As shown in FIG. 6, the prediction of each current frame 600 uses
neighboring frames 510 in both the space and time dimensions. The
frames that are used for predicting the current frame are called
reference pictures. The reference pictures are maintained in the
reference list, which is part of the encoded bitstream. The
reference pictures are stored in the decoded picture buffer.

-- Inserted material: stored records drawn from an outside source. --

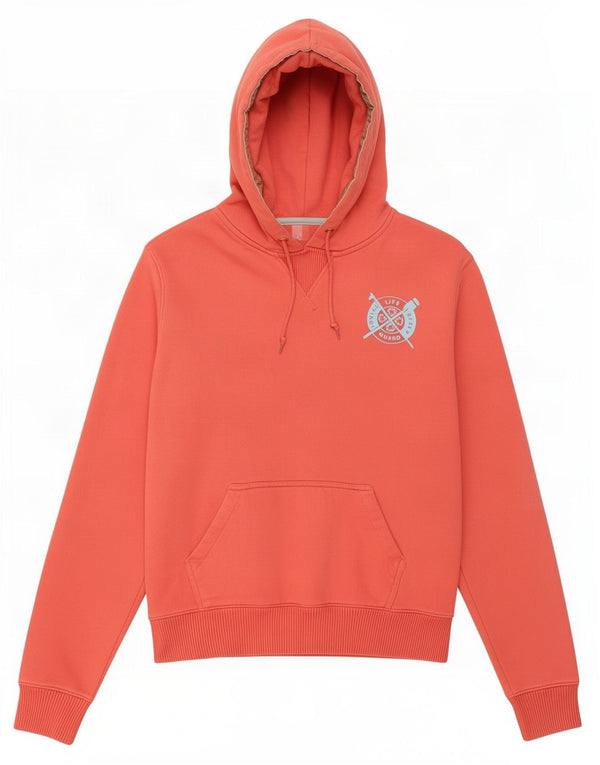 Jumper feminino com capuz gráfico Joules UK 12 algodão vermelho médio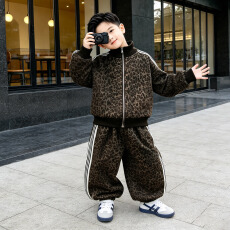 批发曼巴棉 豹纹套装26秋季新款洋气时髦衣服<b class='q'>儿童</b>运动外套休闲两件套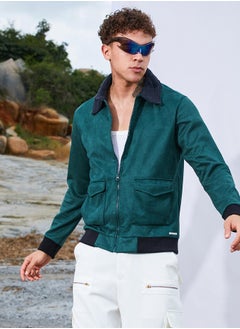 Campus Sutra Men's Emerald Green Zip-Front Jacket With Fleece Collar  - Image 1
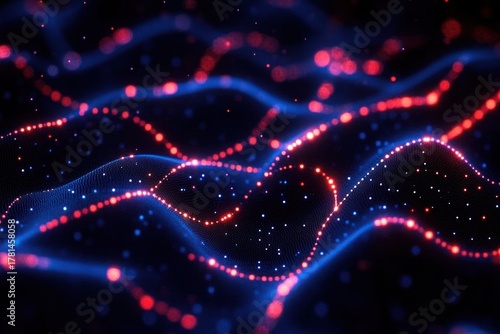 Glowing red and blue digital wave patterns creating a flowing futuristic abstract grid with floating particles and smooth curves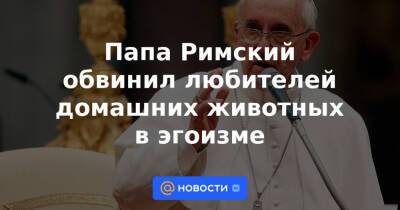 Франциск - Папа Римский обвинил любителей домашних животных в эгоизме - news.mail.ru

In one embodiment of the invention, the MCTF and DCVF are applied
adaptively to each current macroblock for each frame of the input
videos to yield decomposed low band frames, as well as the high
band frames and the associated side information. In this way, each
macroblock is processed adaptively according to a `best` prediction
mode. An optimal method for selecting the prediction mode is
described below.
In one embodiment of the invention, the MCTF is first applied to
the frames of each video independently. The resulting frames are
then further decomposed with the DCVF. In addition to the final
decomposed frames, the corresponding side information is also
generated. If performed on a macroblock-basis, then the prediction
mode selections for the MCTF and the DCVF are considered
separately. As an advantage, this prediction mode selection
inherently supports temporal scalability. In this way, lower
temporal rates of the videos are easily accessed in the compressed
bitstream.
In another embodiment, the DCVF is first applied to the frames of
the input videos. The resulting frames are then temporally
decomposed with the MCTF. In addition to the first decomposed
frames, the side information is also generated. If performed on a
macroblock-basis, then the prediction mode selections for the MCTF
and DCVF are considered separately. As an advantage, this selection
inherently supports spatial scalability. In this way, a reduced
number of the views are easily accessed in the compressed
bitstream.
The decomposition described above can be applied recursively on the
resulting set of low band frames from a previous decomposition
state. As an advantage, our MCTF/DCVF decomposition 400 effectively
removes both temporal and spatial (inter-view) correlations, and
can achieve a very high compression efficiency. The compression
efficiency of our multiview video encoder outperforms conventional
simulcast encoding, which encodes each video for each view
independently.
Encoding of MCTF/DCVF Decomposition
As shown in FIG. 7, the outputs 411 an 412 of decomposition 400 are
fed to a single encoder 710, and the output 413 is fed to a side
information encoder 720. The signal encoder 710 performs a
transform, quantization and entropy coding to remove any remaining
correlations in the decomposed low band and high band frames
411-412. Such operations are well known in the art. Netravali and
Haskell, Digital Pictures: Representation, Compression and
Standards, Second Edition, Plenum Press, 1995.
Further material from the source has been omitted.